I had a rather significant event in life 3 years ago where my house burnt down from a lightning strike. The reason for explaining this is that I had a CCTV system prior to this that was replaced by the insurers at the time. Unfortunately, like with many of these situations it was not smoothly managed and the builder asked the electrician rewiring the house to fit the wires as he had not found a dedicated CCTV expert early enough to do the work. As such, the 'non-expert' electrician fitted the wrong Coax cable and a 'poor quality' power cable to the cameras. The security company accepted the job, and they came in and installed the 4 PTZ HD cameras using the cabling that had been supplied (it was a timing issue as first fix had to be completed and second fix was finished by the time the security company were available).
The problem though was that when the poor quality cable was connected there was no video at all (literally even on a 10m cable there was no video returned). So the builder then subsequently ran the correct coax cable (as directed by the security company). When this was completed everything worked apart from one camera on the longest run (which is roughly 30m) which never responded well to the PTZ commands (by that I mean it only responded to every 2nd or 3rd command and very often would start to spin with no easy way to stop it). I essentially had to accept this situation as I had bigger arguments at the time, and I felt somewhat sorry for the security company as they inherited the problem (even though they accepted the job ... but they accepted it to try and help rather than any other reason). They did test the camera with a separate coax cable run outside to the camera at the time and it worked without a problem. They also went exploring for interference with the coax and found nothing. Also to add, 2 of the camera coax cables run together for the bulk of their journey, with the troublesome cable running a further 7m but there are no electrical cables anywhere near where the 7m of cable is ... the one camera works without a problem suggesting that interference is not the main cause?
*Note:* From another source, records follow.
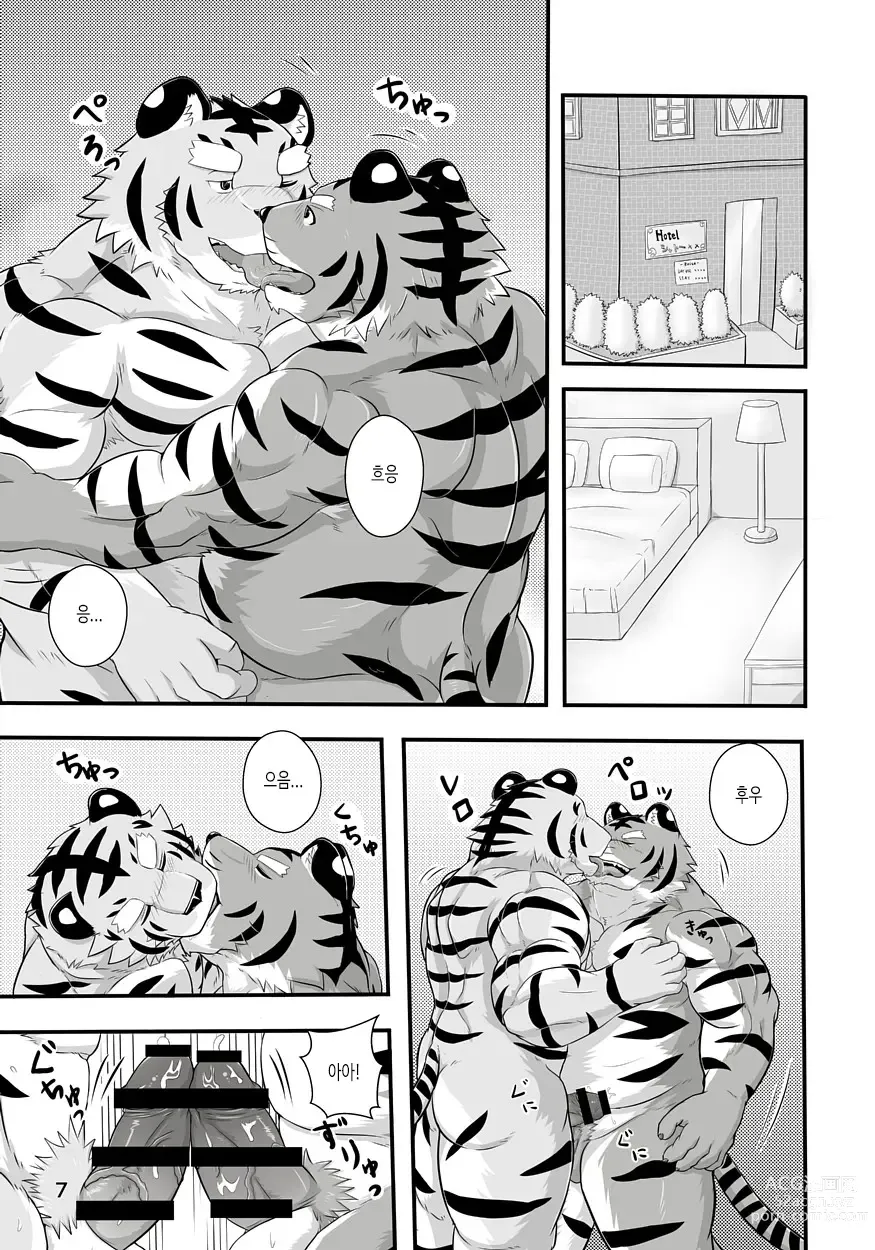 Page 7 of doujinshi 호랑이 점원 씨 1.5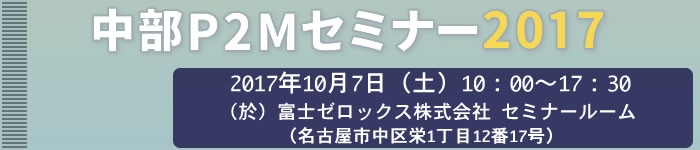 中部P2Mセミナー2017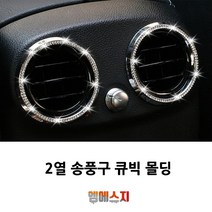 벤츠 GLC 클래스 2열 송풍구 인테리어 큐빅 몰딩, C-센터페시아 커버버튼 큐빅몰딩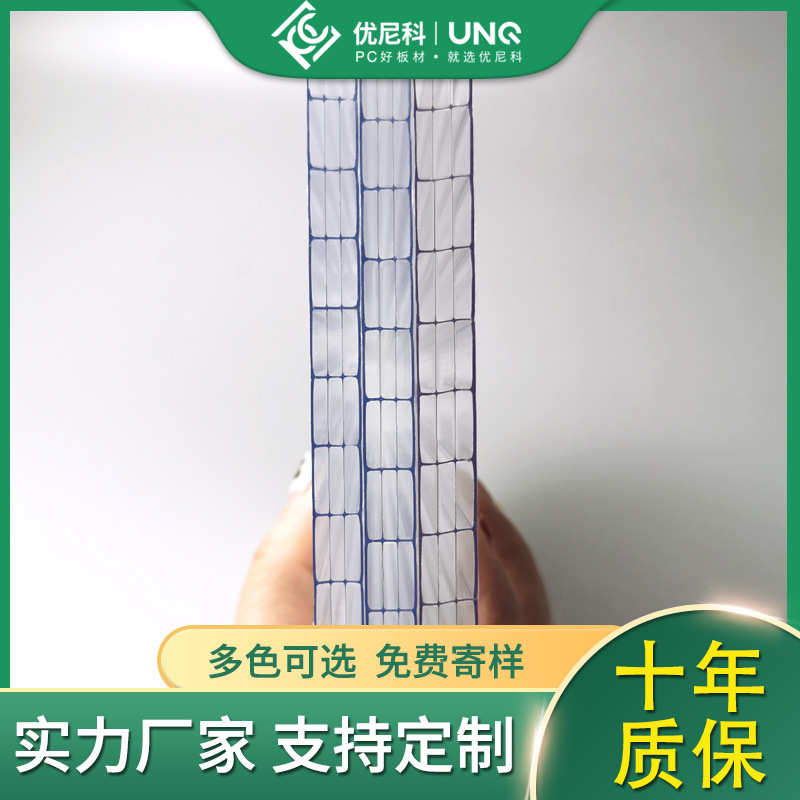 阳光板光板20mm台板pc阳棚多层养殖双层保温聚碳酸酯四层中空采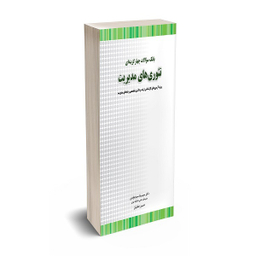 کتاب بانک سوالات چهارگزینه ای تئوری های مدیریت اثر سید رضا سیدجوادین و حسین جلیلیان انتشارات نگاه دانش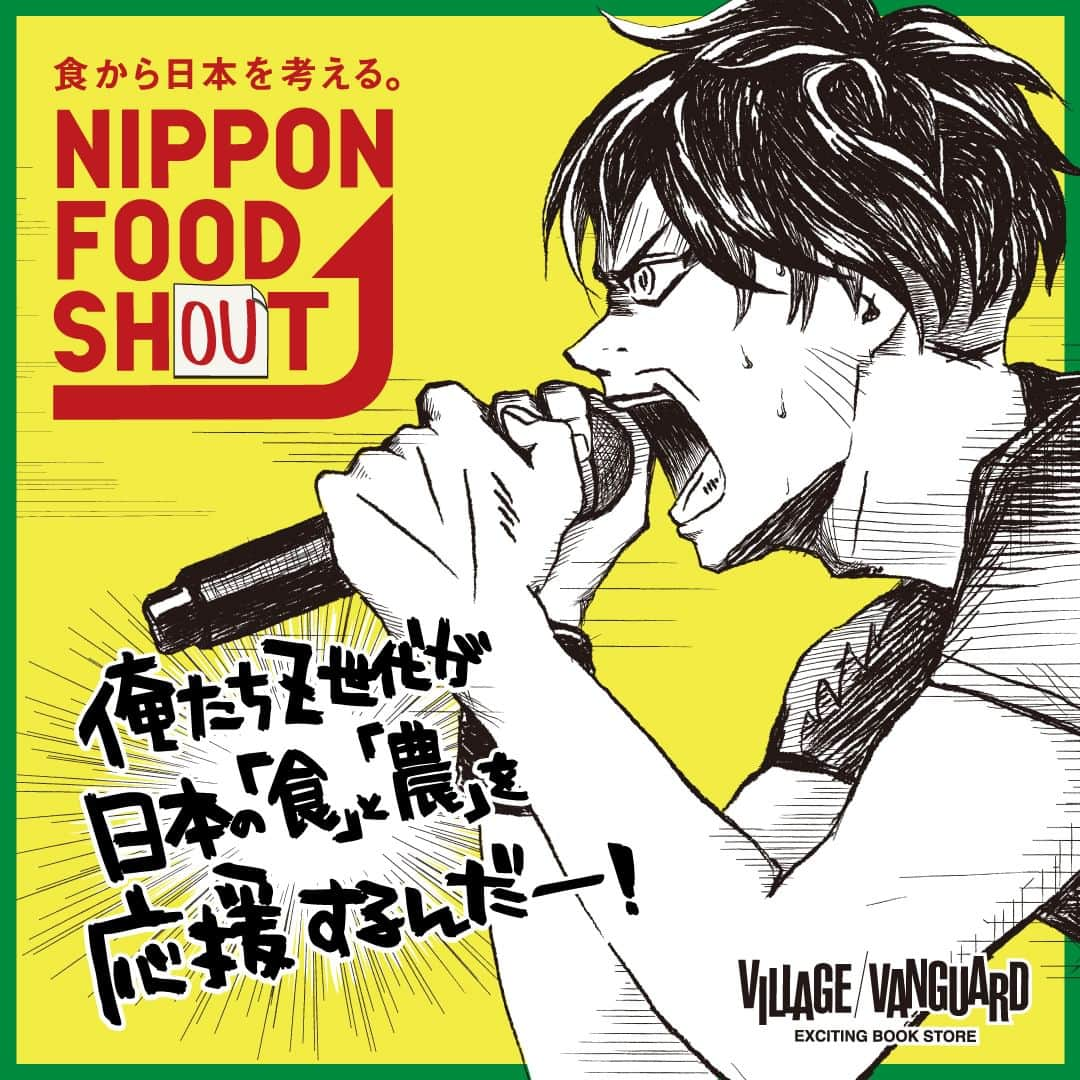 【公式】ヴィレッジヴァンガードのインスタグラム：「／ ヴィレヴァンが日本の食を勝手に考える 「#ニッポンフードシャウト」 今日からスタート！ ＼ 奇想天外なアイデアでヴィレヴァン4店舗が店頭で展開！！ 各店舗のSNSから企画をチェック☑️  普段、おいしく食べている日本の「食」がいつまでも続くように 日本の未来を築いていく私たち(Ｚ世代)は、何をすることができるのか？   俺たち、ヴィレッジヴァンガードのスタッフは、Z世代の代表として 日本の「食」と「農」についてヴィレヴァンらしく応援するぜーーー！  みんなも一緒に日本の「食」と「農」についてシャウトだー！！  展開店舗🔽 渋谷本店 下北沢店 トレッサ横浜店 PLUSレイクタウンmori店  #ニッポンフードシャウト #ニッポンフードシフト #ヴィレッジヴァンガード #ヴィレヴァン #農林水産省 #農林水産省へ届け」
Recently though (about 2 months ago) 3 of the cameras stopped working (including the troublesome one). Basically they kept rebooting and at night were particularly bad. After a significant amount of research, I realised that it was probably a voltage drop issue over the dodgy power cable that was still there. And again after research of solutions I found that the best answer was to push 24V through the power cables and then convert whatever voltage is at the other end into 12V, so each camera receives it's full voltage. This has largely worked, as I and a friend did this yesterday and the cameras are all working seemingly as they did previously ... apart from the original troublesome one that if anything is even less responsive now than before.
I was hoping that some wise expert on the forum might know what is causing this and have a simple solution? As a non-expert I thought that possibly the UTC PTZ commands were degrading as well and that a booster (if one exists) might solve this? Otherwise, I wondered whether even the 24V is insufficient to be converted to the 12V at the other end?
I have a HikVision DVR with 8 BNC channels and 2 IP channels (the 2 IP channels are full).
There are 4 external PTZ HD cameras as I have described (I am not actually sure the manufacturer as they are not HikVision).
The original cables were the Swann CCTV cables which were power/Video/control all joined together... I also wondered whether I try to use the control cable with the power cable to increase the size of the cable for power (not yet tried this in part as I will have to solder on a ladder as these cables have been cut back)?
The new Coax cable I don't know what make it is, but it has worked well and was a much thicker and better insulated cable than the Swann equivalent.
Any help will be gratefully received!!